Monday, Jun. 19, 1939
Press v. Lindbergh
(See Cover]
Behind the creamy buff walls of the rambling Munitions Building on Washington's Constitution Avenue he finds life as he likes it. He strides down the long halls and nobody pays attention. Officers in mufti scarcely glance at his tall, lean figure, a trifle stooped; preoccupied clerks with sheaves of papers do not even look up as he goes past. In the Air Corps section on the third floor he waves a hand at flier friends, flashes a white-toothed grin, heads for his office. Hour after hour he sits earnestly in an endless succession of technical conferences, usually breaks the day to lunch with a friend or two at the staid Army & Navy Club. There, too, nobody pays attention to him.
To Colonel Charles Augustus Lindbergh, digging into a job he knows and loves, this is pretty near heaven. But it is not heaven. In heaven there would be no autograph hunters, newspaper reporters and jumping-jack photographers lurking around the corners. There would be no cranks, columnists and newshawks to beset him from a distance. There would be no need for an armed guard around the Morrow estate in Englewood, N. J. where his wife and two sons live. And in heaven he would not have to endure his own unyielding but logical resentment against it all.
For twelve years Charles Lindbergh has been a hero, and twelve years is too much. Today, however, it is almost certain that his relationship with the world is coming to a turning point. There is the possibility that by staying in the U. S.--where he wants to live--he may get the public to stop persecuting him as a hero. Although he is willing to try it, he is grimly dubious of the result. There is no cynicism in his still boyish makeup, but with the logic of a pragmatic mind he has dovetailed his experiences of the past twelve years into a picture as discouraging to him as the sound of a missing engine to a pilot in bad weather. For the fact is that the relation of Charles Lindbergh to the U. S. people is a tragic failure chalked up against the institution of hero worship.
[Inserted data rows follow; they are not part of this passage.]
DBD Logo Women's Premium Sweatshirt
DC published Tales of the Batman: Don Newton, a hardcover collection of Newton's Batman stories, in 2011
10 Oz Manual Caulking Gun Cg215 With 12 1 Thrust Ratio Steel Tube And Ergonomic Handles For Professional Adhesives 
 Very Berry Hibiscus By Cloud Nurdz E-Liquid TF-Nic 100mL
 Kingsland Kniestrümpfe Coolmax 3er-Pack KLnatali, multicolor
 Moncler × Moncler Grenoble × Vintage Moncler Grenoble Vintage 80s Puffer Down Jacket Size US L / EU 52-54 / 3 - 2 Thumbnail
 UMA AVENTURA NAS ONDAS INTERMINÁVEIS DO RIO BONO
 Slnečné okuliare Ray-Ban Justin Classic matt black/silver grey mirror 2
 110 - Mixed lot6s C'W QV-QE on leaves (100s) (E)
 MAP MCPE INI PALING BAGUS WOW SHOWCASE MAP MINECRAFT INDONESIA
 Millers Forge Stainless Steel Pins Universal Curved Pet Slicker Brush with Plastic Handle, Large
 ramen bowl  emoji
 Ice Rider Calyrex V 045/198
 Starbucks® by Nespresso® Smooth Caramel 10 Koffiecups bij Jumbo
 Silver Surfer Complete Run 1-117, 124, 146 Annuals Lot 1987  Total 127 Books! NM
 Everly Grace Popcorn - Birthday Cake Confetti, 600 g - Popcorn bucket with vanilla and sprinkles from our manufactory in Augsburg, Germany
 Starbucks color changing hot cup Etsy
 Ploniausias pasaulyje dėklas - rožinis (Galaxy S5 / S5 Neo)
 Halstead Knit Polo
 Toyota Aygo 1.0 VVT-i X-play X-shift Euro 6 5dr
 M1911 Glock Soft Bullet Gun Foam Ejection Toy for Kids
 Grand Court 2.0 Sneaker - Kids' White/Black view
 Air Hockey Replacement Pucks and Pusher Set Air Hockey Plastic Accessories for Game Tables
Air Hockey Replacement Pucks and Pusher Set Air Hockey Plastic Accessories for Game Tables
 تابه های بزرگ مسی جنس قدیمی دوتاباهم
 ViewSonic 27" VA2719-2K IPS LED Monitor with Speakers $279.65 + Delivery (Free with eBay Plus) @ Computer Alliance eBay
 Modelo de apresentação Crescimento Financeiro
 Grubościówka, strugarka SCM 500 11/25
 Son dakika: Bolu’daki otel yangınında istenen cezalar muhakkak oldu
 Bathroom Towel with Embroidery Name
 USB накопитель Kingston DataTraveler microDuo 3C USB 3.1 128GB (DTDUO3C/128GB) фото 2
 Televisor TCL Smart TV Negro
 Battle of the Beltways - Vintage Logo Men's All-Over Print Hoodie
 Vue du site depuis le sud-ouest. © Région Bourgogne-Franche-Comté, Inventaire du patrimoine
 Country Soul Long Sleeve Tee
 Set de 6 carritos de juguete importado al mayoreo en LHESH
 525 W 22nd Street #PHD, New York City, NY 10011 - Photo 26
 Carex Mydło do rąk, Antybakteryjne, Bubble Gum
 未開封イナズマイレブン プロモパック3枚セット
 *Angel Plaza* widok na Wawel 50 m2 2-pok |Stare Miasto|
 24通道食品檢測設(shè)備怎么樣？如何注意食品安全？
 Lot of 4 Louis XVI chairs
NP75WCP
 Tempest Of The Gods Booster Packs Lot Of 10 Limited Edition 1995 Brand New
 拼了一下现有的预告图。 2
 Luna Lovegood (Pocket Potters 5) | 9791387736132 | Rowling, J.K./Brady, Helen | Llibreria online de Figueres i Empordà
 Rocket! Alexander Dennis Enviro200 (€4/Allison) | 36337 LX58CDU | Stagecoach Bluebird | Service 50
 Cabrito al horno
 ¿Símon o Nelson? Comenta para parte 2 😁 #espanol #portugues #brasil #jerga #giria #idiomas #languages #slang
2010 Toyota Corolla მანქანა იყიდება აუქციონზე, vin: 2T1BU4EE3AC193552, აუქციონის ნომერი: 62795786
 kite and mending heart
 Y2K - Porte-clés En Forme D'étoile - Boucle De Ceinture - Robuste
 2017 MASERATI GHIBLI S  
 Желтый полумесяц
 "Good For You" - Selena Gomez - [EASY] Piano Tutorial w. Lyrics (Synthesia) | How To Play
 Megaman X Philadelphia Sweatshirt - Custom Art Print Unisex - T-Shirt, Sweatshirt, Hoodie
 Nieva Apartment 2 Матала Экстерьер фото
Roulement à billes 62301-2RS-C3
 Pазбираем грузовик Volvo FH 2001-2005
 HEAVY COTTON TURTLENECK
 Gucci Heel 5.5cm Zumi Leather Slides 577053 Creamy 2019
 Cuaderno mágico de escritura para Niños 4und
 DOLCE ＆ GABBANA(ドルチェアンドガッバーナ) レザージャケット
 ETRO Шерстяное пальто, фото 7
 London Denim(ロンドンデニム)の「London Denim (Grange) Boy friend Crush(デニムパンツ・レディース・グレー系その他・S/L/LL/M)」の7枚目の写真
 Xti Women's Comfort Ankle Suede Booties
There has been no time when Lindbergh and the public ever fully understood each other. The supreme irony is that if they had understood, there would have been no difficulty. Lindbergh is a kind of man whom Americans instinctively appreciate and like: practical and resourceful, with a mechanical turn of mind, an extraordinary competence in his business, full of animal spirits, empty of all pretension, built around a steel-tough core of reserve and self-respect.
To most of the public Charles Lindbergh did not exist until one May day in 1927 when he was flying the North Atlantic. By the time he set foot again in the U. S. three weeks later the public had not stopped to consider what the son of a radical Congressman from Minnesota, and of a high-school chemistry teacher, was probably like. It had made up its mind that Lindbergh was a sort of automaton of modesty, a creature, boyish and noble, of heroic stature.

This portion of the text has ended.